Reproduce the records below in full and word for word, excluding pictures.
** Recorded information follows **
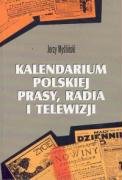 Kalendarium Polskiej Prasy Radia i Telewizji - Myśliński Jerzy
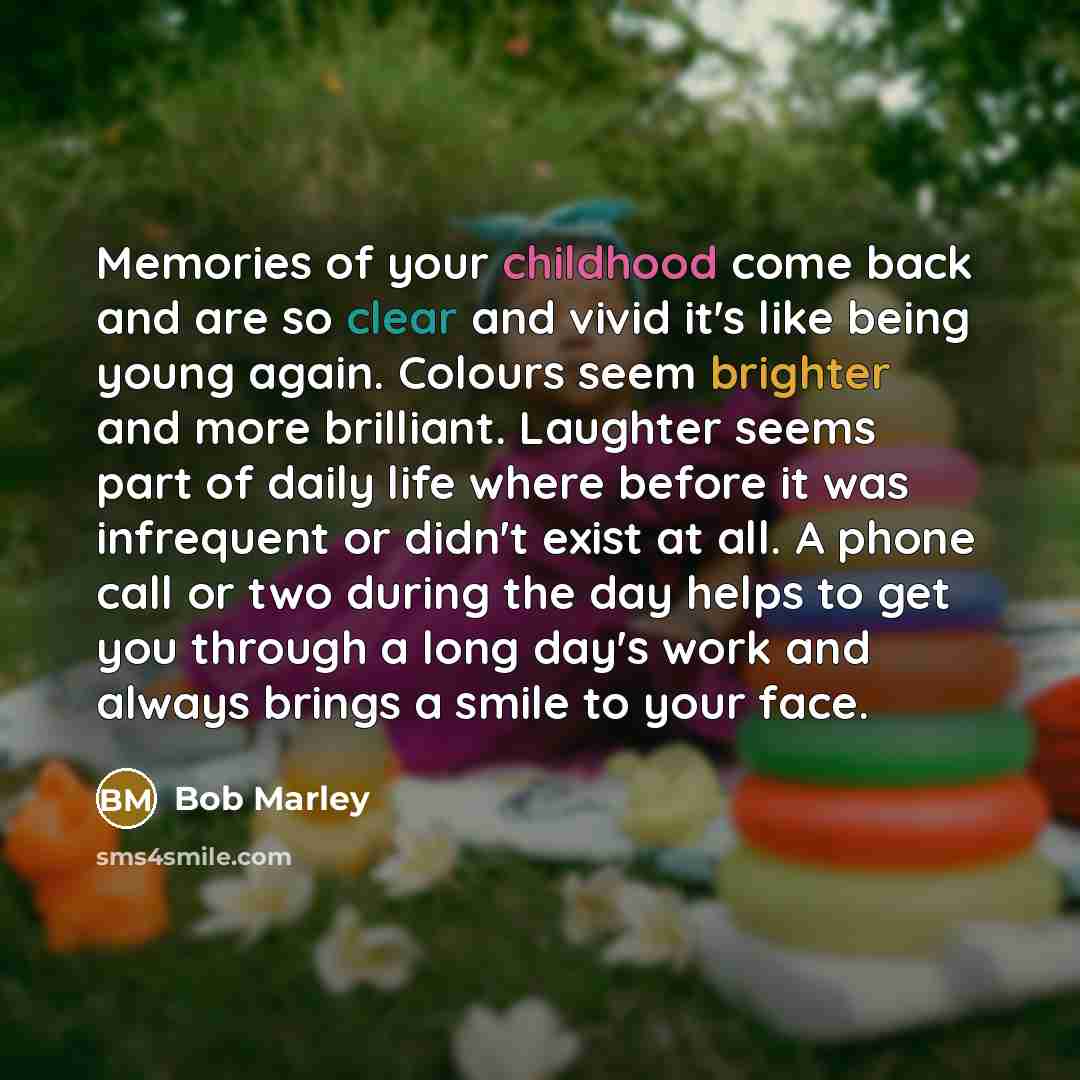 “Memories of your childhood come back and are so clear…” quote by Bob Marley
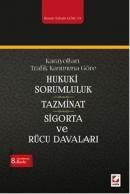 Hukuki Sorumluluk, Tazminat, Sigorta, Rücu Davaları (ISBN: 9789750229190)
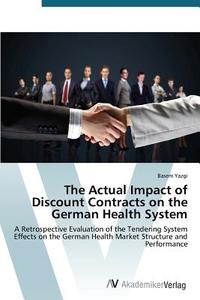 The Actual Impact of Discount Contracts on the German Health System di Basem Yazgi edito da AV Akademikerverlag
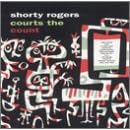 Shorty Rogers Courts the Count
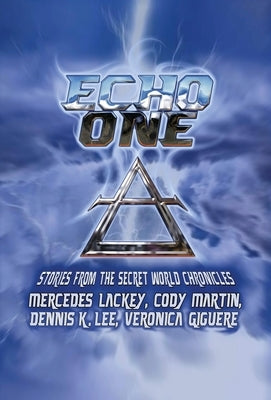 Echo One: Tales from the Secret World Chronicles by Lackey, Mercedes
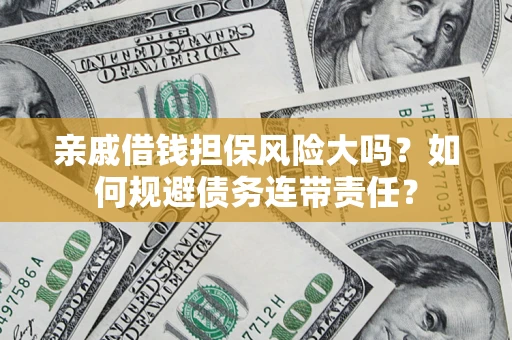 北京亲戚借钱担保风险大吗？如何规避债务连带责任？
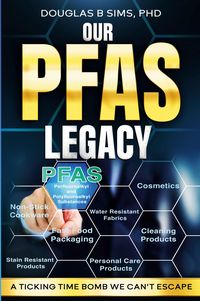 Produktbild: Our PFAS Legacy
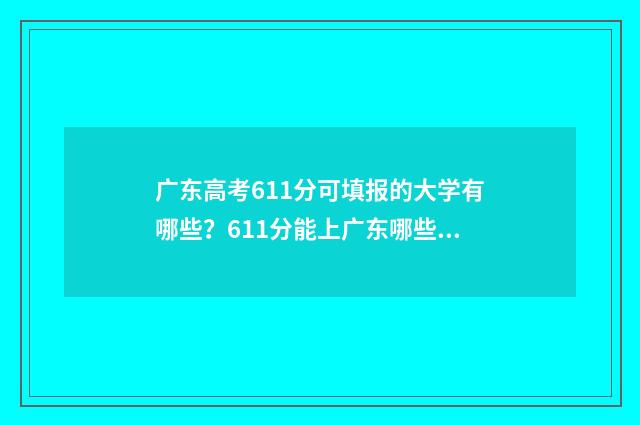 广东高考611分可填报的大学有哪些？611分能上广东哪些大学？ 广东高考611分高吗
** End of Recorded information **
**Answer to the exercise:**
 Kalendarium Polskiej Prasy Radia i Telewizji - Myśliński Jerzy
 “Memories of your childhood come back and are so clear…” quote by Bob Marley
 Hukuki Sorumluluk, Tazminat, Sigorta, Rücu Davaları (ISBN: 9789750229190)
 The Actual Impact of Discount Contracts on the German Health System di Basem Yazgi edito da AV Akademikerverlag
 Shorty Rogers Courts the Count
 Echo One: Tales from the Secret World Chronicles by Lackey, Mercedes
 北京亲戚借钱担保风险大吗？如何规避债务连带责任？
 Produktbild: Our PFAS Legacy
 广东高考611分可填报的大学有哪些？611分能上广东哪些大学？ 广东高考611分高吗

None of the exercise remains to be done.